The district, led by Superintendent Alberto Carvalho, serves nearly 350,000 students, 90 percent of whom are black or Hispanic and 70 percent low-income. The Broad Prize winner receives $550,000 in college scholarship money for high school seniors.

While Miami-Dade has notable accomplishments—the district’s graduation rate, for instance, increased 5.6 percent in one year, to nearly 78 percent in 2011—the district has also had some struggles.  In 2011, in a move contested by the United Teachers of Dade, Miami-Dade was the first district in the state to award merit pay to its teachers, a statewide requirement for all Florida districts by 2014.

The state of Florida has also mandated a complicated teacher evaluation system in which 50 percent of evaluations are based on a complex formula involving student test scores. The other 50 percent is left up to districts. In Miami-Dade, that half is currently based on one formal observation by an administrator, a method that has been criticized throughout the U.S.

In early 2012, a report by the National Council on Teacher Quality, a research group based in Washington D.C., said that the district was not doing enough to get rid of underperforming teachers. The group suggested that the district provide more feedback to teachers, consider college and licensing test scores when hiring teachers, and give principals more authority in hiring.

Eli Broad, co-founder of The Eli and Edythe Broad Foundation, reminded the audience at the award ceremony that the prize is about progress, not victory. (Disclaimer: the Broad Foundation is among the many supporters of The Hechinger Report.)

“We didn’t fall behind overnight and we are not going to catch up overnight either,” Broad said. “Even the districts here today…acknowledge that they have a long road ahead of them.”

Last year, the Charlotte-Mecklenburg School District in North Carolina won after reducing the achievement gap in high-school reading between African-American and white students by 11 percentage points between 2007 and 2010. The district had closed nearly a dozen schools, mostly in majority black neighborhoods and sent layoff notices to more than 700 teachers.

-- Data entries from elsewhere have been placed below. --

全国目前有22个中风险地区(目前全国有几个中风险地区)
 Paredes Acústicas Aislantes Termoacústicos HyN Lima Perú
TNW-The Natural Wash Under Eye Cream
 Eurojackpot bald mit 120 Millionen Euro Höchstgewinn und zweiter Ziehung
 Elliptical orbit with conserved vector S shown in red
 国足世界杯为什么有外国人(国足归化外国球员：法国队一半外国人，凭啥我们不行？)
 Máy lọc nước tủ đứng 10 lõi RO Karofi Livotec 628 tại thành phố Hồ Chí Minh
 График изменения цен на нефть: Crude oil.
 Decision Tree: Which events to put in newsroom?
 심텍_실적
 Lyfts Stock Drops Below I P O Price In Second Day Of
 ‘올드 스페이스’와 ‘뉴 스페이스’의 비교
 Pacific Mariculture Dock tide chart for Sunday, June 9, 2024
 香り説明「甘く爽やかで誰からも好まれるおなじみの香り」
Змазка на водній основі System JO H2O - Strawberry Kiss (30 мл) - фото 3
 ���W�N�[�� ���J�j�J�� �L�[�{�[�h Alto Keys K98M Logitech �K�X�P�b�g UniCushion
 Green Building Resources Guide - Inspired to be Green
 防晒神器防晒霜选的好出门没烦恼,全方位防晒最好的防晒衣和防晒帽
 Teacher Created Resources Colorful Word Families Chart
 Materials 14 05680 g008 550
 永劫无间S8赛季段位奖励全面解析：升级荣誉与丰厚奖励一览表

In the year since winning the prize, Charlotte-Mecklenburg graduation rates have increased nearly two percent to 75 percent, but test scores have remained low at some of the poorest performing schools.

The three runners-up of this year’s Broad Prize will each receive $150,000 in scholarship money. Two of these districts, the Corona-Norco Unified School district in California and The School District of Palm Beach County, Fla., were first-time finalists. The Houston Independent School District won the inaugural year of the award in 2002.